With this workflow in mind, our approach was as much as conservative as we could. We wanted to reuse CGEN code as much as possible, so we analyzed CGEN source code deeply. We started by looking at the those components that were responsible of generating the GDB simulator.

We discovered that the frontend part of CGEN could be easily reused. Frontend components tackles the problem of parsing RTL language to build an internal representation of language constructs and access their data efficiently.

So language parsing and data structures were there to be used. We could not say the same for components dealing with simulators generation.

It should be noted that GDB simulators are C programs, so CGEN was coded to emit C lines of code. Those components would have been a great reference for the logic that drives disassembling and instruction simulation, but they were required to be completely rewritten to emit C++ code. Unfortunately the C code generation was so tightly coupled in them that we had to write a whole new set of components to address our needs. More details are provided in section 3.

#### 2.2 CGEN RTL classes

In this part of the document I want to provide an insight of Scheme classes in CGEN that represent internally the language constructs of RTL and allow the programmer to access the data written in the CPU description file.

To better understand the relationship between classes, I first present an example of the structure of an RTL description.



**Figure 1:** A graphical layout of top level RTL elements. The architecture is one of 'sparc', 'm32r', etc. Within the 'sparc' architecture, cpu-family might be 'sparc32', 'sparc64', etc. Within the 'sparc32' CPU family, the machine might be 'sparc-v8', 'sparclite', etc.
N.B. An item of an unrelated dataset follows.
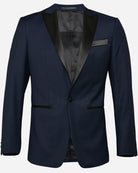 Oscar Navy Dinner Suit - Men's Suits & Tuxedos at Menzclub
**Figure 2:** Instructions form their own hierarchy as each instruction may be supported by more than one machine

#### 2.2.1 CGEN's object system - cos.scm

Although Guile, the Scheme implementation supported by CGEN, provided an official object system in the 1.8 release, the CGEN author thought that things might have changed and he wanted to be sure not to be required to change the entire CGEN code base in case that happened. Thus he decided to implement his own object system and we must deal with it. I'm going to give a presentation of those feature that you might come across while working on CGEN codebase and you might need to know.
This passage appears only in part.